• AIM OF THE TASK: A word-for-word transcription of the whole listing is required.

• INFORMATION PROVIDED:
---
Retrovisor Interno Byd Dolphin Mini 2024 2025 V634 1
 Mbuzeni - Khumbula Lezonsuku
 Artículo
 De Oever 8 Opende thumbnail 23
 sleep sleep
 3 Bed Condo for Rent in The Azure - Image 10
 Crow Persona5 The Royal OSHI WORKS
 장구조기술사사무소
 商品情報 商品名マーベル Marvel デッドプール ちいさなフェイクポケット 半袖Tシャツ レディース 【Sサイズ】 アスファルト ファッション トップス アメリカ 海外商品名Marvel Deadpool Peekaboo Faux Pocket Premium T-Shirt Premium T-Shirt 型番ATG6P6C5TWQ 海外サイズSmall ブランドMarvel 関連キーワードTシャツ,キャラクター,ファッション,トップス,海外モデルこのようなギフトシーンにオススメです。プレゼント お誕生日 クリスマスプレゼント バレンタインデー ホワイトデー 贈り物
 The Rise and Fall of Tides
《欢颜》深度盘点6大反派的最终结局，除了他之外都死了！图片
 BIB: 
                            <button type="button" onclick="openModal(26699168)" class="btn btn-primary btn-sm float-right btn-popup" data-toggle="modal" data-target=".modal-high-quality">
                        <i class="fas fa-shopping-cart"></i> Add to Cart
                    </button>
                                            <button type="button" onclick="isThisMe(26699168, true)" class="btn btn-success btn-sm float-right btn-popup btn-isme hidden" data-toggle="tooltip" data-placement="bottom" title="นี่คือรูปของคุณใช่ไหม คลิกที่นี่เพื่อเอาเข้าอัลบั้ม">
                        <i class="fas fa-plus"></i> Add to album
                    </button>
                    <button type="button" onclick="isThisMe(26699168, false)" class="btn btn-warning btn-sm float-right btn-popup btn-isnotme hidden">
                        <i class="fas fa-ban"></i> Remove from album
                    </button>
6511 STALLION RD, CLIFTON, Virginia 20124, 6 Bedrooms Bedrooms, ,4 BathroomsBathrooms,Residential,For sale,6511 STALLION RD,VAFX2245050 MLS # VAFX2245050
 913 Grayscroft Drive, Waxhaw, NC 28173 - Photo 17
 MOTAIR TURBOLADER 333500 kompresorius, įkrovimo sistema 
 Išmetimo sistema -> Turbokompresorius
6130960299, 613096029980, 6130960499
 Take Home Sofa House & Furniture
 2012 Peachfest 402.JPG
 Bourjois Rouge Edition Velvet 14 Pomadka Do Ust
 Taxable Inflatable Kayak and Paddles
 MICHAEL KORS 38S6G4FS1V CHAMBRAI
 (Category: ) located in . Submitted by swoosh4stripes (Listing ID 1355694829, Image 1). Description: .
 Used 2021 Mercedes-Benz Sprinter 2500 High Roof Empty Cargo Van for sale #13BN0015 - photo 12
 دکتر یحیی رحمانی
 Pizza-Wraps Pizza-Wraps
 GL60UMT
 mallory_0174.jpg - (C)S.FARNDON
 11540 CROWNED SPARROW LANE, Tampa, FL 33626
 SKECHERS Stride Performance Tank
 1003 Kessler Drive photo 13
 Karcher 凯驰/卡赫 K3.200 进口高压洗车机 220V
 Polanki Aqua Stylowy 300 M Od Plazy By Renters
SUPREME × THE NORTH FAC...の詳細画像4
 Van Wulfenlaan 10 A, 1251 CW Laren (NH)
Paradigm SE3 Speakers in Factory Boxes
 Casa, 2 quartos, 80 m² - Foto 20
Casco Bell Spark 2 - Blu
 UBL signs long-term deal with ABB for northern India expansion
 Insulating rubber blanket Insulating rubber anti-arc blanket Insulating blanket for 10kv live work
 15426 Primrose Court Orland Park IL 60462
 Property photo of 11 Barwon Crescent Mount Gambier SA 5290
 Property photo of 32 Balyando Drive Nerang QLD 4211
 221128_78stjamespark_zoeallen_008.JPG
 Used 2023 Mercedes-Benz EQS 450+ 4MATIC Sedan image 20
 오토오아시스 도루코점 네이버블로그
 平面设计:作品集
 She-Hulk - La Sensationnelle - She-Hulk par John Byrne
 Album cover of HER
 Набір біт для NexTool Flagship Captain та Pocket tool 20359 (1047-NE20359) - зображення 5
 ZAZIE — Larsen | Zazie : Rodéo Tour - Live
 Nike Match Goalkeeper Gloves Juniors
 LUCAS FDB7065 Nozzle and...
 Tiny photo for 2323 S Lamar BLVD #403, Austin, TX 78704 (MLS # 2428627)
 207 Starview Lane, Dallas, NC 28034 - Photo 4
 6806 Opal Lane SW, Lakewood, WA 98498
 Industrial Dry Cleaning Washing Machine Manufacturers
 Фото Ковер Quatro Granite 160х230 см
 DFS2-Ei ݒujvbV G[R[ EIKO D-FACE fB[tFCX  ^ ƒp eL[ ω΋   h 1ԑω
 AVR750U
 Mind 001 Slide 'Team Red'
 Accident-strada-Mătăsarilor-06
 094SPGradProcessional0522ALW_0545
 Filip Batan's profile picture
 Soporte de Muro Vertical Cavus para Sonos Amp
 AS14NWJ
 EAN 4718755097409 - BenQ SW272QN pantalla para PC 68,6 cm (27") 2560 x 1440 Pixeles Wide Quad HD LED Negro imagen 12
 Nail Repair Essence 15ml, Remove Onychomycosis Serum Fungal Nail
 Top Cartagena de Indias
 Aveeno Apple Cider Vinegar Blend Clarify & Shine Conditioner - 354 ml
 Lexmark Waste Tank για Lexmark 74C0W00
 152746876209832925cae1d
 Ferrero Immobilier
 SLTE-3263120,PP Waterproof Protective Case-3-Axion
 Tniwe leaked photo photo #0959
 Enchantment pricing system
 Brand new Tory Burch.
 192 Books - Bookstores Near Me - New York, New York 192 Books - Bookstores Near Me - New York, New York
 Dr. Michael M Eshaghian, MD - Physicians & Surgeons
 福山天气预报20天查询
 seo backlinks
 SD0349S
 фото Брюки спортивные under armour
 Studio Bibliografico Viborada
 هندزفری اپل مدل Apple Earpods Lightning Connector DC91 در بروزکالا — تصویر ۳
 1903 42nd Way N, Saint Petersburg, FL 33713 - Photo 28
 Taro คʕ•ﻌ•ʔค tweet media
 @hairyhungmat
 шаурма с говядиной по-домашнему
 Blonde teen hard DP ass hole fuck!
---
• TASK RESULT:
Retrovisor Interno Byd Dolphin Mini 2024 2025 V634 1
 Mbuzeni - Khumbula Lezonsuku
 Artículo
 De Oever 8 Opende thumbnail 23
 sleep sleep
 3 Bed Condo for Rent in The Azure - Image 10
 Crow Persona5 The Royal OSHI WORKS
 장구조기술사사무소
 商品情報 商品名マーベル Marvel デッドプール ちいさなフェイクポケット 半袖Tシャツ レディース 【Sサイズ】 アスファルト ファッション トップス アメリカ 海外商品名Marvel Deadpool Peekaboo Faux Pocket Premium T-Shirt Premium T-Shirt 型番ATG6P6C5TWQ 海外サイズSmall ブランドMarvel 関連キーワードTシャツ,キャラクター,ファッション,トップス,海外モデルこのようなギフトシーンにオススメです。プレゼント お誕生日 クリスマスプレゼント バレンタインデー ホワイトデー 贈り物
 The Rise and Fall of Tides
《欢颜》深度盘点6大反派的最终结局，除了他之外都死了！图片
 BIB: 
                            <button type="button" onclick="openModal(26699168)" class="btn btn-primary btn-sm float-right btn-popup" data-toggle="modal" data-target=".modal-high-quality">
                        <i class="fas fa-shopping-cart"></i> Add to Cart
                    </button>
                                            <button type="button" onclick="isThisMe(26699168, true)" class="btn btn-success btn-sm float-right btn-popup btn-isme hidden" data-toggle="tooltip" data-placement="bottom" title="นี่คือรูปของคุณใช่ไหม คลิกที่นี่เพื่อเอาเข้าอัลบั้ม">
                        <i class="fas fa-plus"></i> Add to album
                    </button>
                    <button type="button" onclick="isThisMe(26699168, false)" class="btn btn-warning btn-sm float-right btn-popup btn-isnotme hidden">
                        <i class="fas fa-ban"></i> Remove from album
                    </button>
6511 STALLION RD, CLIFTON, Virginia 20124, 6 Bedrooms Bedrooms, ,4 BathroomsBathrooms,Residential,For sale,6511 STALLION RD,VAFX2245050 MLS # VAFX2245050
 913 Grayscroft Drive, Waxhaw, NC 28173 - Photo 17
 MOTAIR TURBOLADER 333500 kompresorius, įkrovimo sistema 
 Išmetimo sistema -> Turbokompresorius
6130960299, 613096029980, 6130960499
 Take Home Sofa House & Furniture
 2012 Peachfest 402.JPG
 Bourjois Rouge Edition Velvet 14 Pomadka Do Ust
 Taxable Inflatable Kayak and Paddles
 MICHAEL KORS 38S6G4FS1V CHAMBRAI
 (Category: ) located in . Submitted by swoosh4stripes (Listing ID 1355694829, Image 1). Description: .
 Used 2021 Mercedes-Benz Sprinter 2500 High Roof Empty Cargo Van for sale #13BN0015 - photo 12
 دکتر یحیی رحمانی
 Pizza-Wraps Pizza-Wraps
 GL60UMT
 mallory_0174.jpg - (C)S.FARNDON
 11540 CROWNED SPARROW LANE, Tampa, FL 33626
 SKECHERS Stride Performance Tank
 1003 Kessler Drive photo 13
 Karcher 凯驰/卡赫 K3.200 进口高压洗车机 220V
 Polanki Aqua Stylowy 300 M Od Plazy By Renters
SUPREME × THE NORTH FAC...の詳細画像4
 Van Wulfenlaan 10 A, 1251 CW Laren (NH)
Paradigm SE3 Speakers in Factory Boxes
 Casa, 2 quartos, 80 m² - Foto 20
Casco Bell Spark 2 - Blu
 UBL signs long-term deal with ABB for northern India expansion
 Insulating rubber blanket Insulating rubber anti-arc blanket Insulating blanket for 10kv live work
 15426 Primrose Court Orland Park IL 60462
 Property photo of 11 Barwon Crescent Mount Gambier SA 5290
 Property photo of 32 Balyando Drive Nerang QLD 4211
 221128_78stjamespark_zoeallen_008.JPG
 Used 2023 Mercedes-Benz EQS 450+ 4MATIC Sedan image 20
 오토오아시스 도루코점 네이버블로그
 平面设计:作品集
 She-Hulk - La Sensationnelle - She-Hulk par John Byrne
 Album cover of HER
 Набір біт для NexTool Flagship Captain та Pocket tool 20359 (1047-NE20359) - зображення 5
 ZAZIE — Larsen | Zazie : Rodéo Tour - Live
 Nike Match Goalkeeper Gloves Juniors
 LUCAS FDB7065 Nozzle and...
 Tiny photo for 2323 S Lamar BLVD #403, Austin, TX 78704 (MLS # 2428627)
 207 Starview Lane, Dallas, NC 28034 - Photo 4
 6806 Opal Lane SW, Lakewood, WA 98498
 Industrial Dry Cleaning Washing Machine Manufacturers
 Фото Ковер Quatro Granite 160х230 см
 DFS2-Ei ݒujvbV G[R[ EIKO D-FACE fB[tFCX  ^ ƒp eL[ ω΋   h 1ԑω
 AVR750U
 Mind 001 Slide 'Team Red'
 Accident-strada-Mătăsarilor-06
 094SPGradProcessional0522ALW_0545
 Filip Batan's profile picture
 Soporte de Muro Vertical Cavus para Sonos Amp
 AS14NWJ
 EAN 4718755097409 - BenQ SW272QN pantalla para PC 68,6 cm (27") 2560 x 1440 Pixeles Wide Quad HD LED Negro imagen 12
 Nail Repair Essence 15ml, Remove Onychomycosis Serum Fungal Nail
 Top Cartagena de Indias
 Aveeno Apple Cider Vinegar Blend Clarify & Shine Conditioner - 354 ml
 Lexmark Waste Tank για Lexmark 74C0W00
 152746876209832925cae1d
 Ferrero Immobilier
 SLTE-3263120,PP Waterproof Protective Case-3-Axion
 Tniwe leaked photo photo #0959
 Enchantment pricing system
 Brand new Tory Burch.
 192 Books - Bookstores Near Me - New York, New York 192 Books - Bookstores Near Me - New York, New York
 Dr. Michael M Eshaghian, MD - Physicians & Surgeons
 福山天气预报20天查询
 seo backlinks
 SD0349S
 фото Брюки спортивные under armour
 Studio Bibliografico Viborada
 هندزفری اپل مدل Apple Earpods Lightning Connector DC91 در بروزکالا — تصویر ۳
 1903 42nd Way N, Saint Petersburg, FL 33713 - Photo 28
 Taro คʕ•ﻌ•ʔค tweet media
 @hairyhungmat
 шаурма с говядиной по-домашнему
 Blonde teen hard DP ass hole fuck!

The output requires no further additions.